Almanya Günlükleri-2

Avrupalıların hepsi aynı, çevre manyağı. Hepsinin altında bir bisiklet ya da ayağında yürüyüş ayakkabısı. Haftasonları her yer onlarla dolu. Mekan pek fark etmiyor aslında. Kah Freiberg’in maden atığı taşlı yolları, kah Dresden’de Elbe kıyısı boyu, kah Saksonya’nın kum dağları. Her yer engellisi, çocuğu, genci, yaşlısı dememden onlarla dolu.

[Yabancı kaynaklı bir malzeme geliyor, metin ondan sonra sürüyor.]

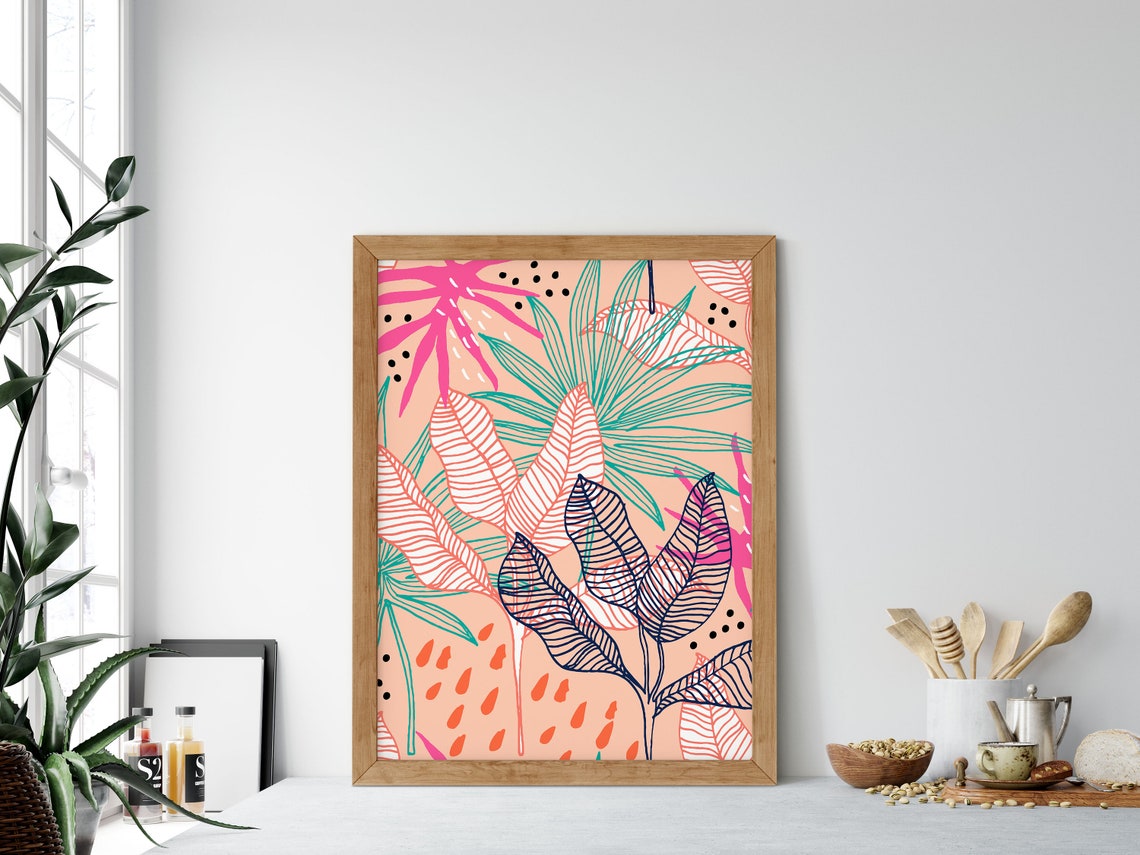 Tropical Leaves Line Art Peach Botanical Foliage Pattern Poster - Image 3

Dresden’in biraz güneyinde kalan kum dağları, sanki sadece yürüyüş amaçlı yaratılmış. Dağın dibindeki yerleşim birimi ise sadece yürüyüşçülere hizmet vermekten ibaret. Elbe kıyısındaki birimde köprü yok, 30 metre genişliğindeki nehri feribotla geçiyorsunuz. Bir Türk’e garip gelse de doğal güzelliği korumak için yapılmıyor herhalde. Başka mantıklı bir açıklama bulamadım. Her neyse, dağın tepesine tırmanmak kolay ama yorucu. Kolay çünkü her yerde merdiven ve düzgün patikalar var (adamlar koca kayayı delip merdiven yapmış!). Yorucu çünkü bine yakın abuk sabuk basamakları çıkıyorsunuz. Ama yorulduğunuza değiyor. Zirvede enfes bir manzara sizi bekliyor. Nehir kenarındaki yerleşim birimine tepeden bakmak gerçekten hoş bir duygu. Ayrıca zirveler arasındaki taş köprülerden geçmek de çok hoş.